R is a language and environment for statistical computing and graphics.R provides a wide variety of statistical (linear and nonlinear modelling, classical statistical tests, time-series analysis, classification, clustering, .) and graphical techniques, and is highly extensible.
This notebook is a tutorial on how to use R.
Before starting to work with R, we need to set the working directory to source file location.
First we will begin with a few basic operations.
We assign values to variables using the assignment operator ‘=’. Another form of assignment, more general, is the ‘<-’ operator. A variable allows you to store values or an object (e.g. a function).
x = 128
y = 16
z <- 5
vars = c(2,4,8,16,32) # This is a vector created using the generic combine function 'c'
x # display value of variable x
## [1] 128
z # displays value of variable z
## [1] 5
vars[1] #This calls the first value in the vector vars
## [1] 2
vars[2] #This calls the second value in the vector vars
## [1] 4
vars[1:3] #This calls the first through third values in the vector vars
## [1] 2 4 8
vars #This calls the vector
## [1] 2 4 8 16 32
Below shows some simple arithmetic operations.
12*6
## [1] 72
128/16
## [1] 8
9^2
## [1] 81
R works with numerous data types. Some of the most basic types are: numeric,integers, logical (Boolean-TRUE/FALSE
) and characters (string-"TEXT"
).
#Type: Character
#Example:"TRUE",'23.4'
v = "TRUE"
class(v)
## [1] "character"
#Type: Numeric
#Example: 12.3,5
v = 23.5
class(v)
## [1] "numeric"
#Type: Logical
#Example: TRUE,FALSE
v = TRUE
class(v)
## [1] "logical"
#Type: Factor (nominal, categorical)
#Example: m f m f m
v = as.factor(c("m", "f", "m"))
class(v)
## [1] "factor"
R Functions are invoked by its name, followed by the parenthesis, and zero or more arguments.

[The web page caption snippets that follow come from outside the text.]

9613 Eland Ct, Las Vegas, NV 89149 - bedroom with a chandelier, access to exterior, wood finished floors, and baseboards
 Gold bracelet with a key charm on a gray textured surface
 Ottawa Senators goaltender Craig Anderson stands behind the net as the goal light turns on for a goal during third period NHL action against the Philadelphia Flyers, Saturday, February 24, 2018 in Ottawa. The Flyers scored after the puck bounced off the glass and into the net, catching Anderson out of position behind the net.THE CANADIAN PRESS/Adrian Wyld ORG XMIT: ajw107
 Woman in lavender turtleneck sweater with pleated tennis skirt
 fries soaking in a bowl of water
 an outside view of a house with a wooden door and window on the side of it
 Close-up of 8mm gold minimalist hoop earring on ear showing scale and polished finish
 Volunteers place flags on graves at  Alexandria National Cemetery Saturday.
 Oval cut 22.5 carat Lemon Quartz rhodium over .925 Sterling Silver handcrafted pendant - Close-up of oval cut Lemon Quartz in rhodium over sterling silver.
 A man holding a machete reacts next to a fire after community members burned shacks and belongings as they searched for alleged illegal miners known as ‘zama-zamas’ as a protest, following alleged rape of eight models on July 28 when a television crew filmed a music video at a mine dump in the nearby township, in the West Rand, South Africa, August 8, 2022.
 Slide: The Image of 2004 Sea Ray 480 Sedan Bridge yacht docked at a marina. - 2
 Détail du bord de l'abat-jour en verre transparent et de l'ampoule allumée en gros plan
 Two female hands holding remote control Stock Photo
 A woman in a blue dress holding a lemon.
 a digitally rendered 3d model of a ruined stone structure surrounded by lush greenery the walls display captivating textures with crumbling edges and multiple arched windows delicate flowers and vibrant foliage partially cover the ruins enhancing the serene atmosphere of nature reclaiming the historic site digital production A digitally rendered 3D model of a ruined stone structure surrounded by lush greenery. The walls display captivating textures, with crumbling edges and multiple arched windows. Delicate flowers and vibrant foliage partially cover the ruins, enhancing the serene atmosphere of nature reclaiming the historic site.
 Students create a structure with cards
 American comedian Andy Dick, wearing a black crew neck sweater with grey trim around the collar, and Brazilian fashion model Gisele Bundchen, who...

# The following applies the function 'c' (seen earlier) to combine three numeric values into a vector
c(1,2,3)
## [1] 1 2 3
# Example of function mean() to calcule the mean of three values
mean (c(5,6,7))
## [1] 6
# Square root of a number
sqrt(99)
## [1] 9.949874
# Here we are reading a file of type csv (comma seperated values) typical of many Excel files
il_income = read.csv(file = "data/il_income.csv")
top_il_income = read.csv(file = "data/top_il_income.csv")
We can extract values from the dataset to perform calculations.
DuPage = top_il_income$per_capita_income[1]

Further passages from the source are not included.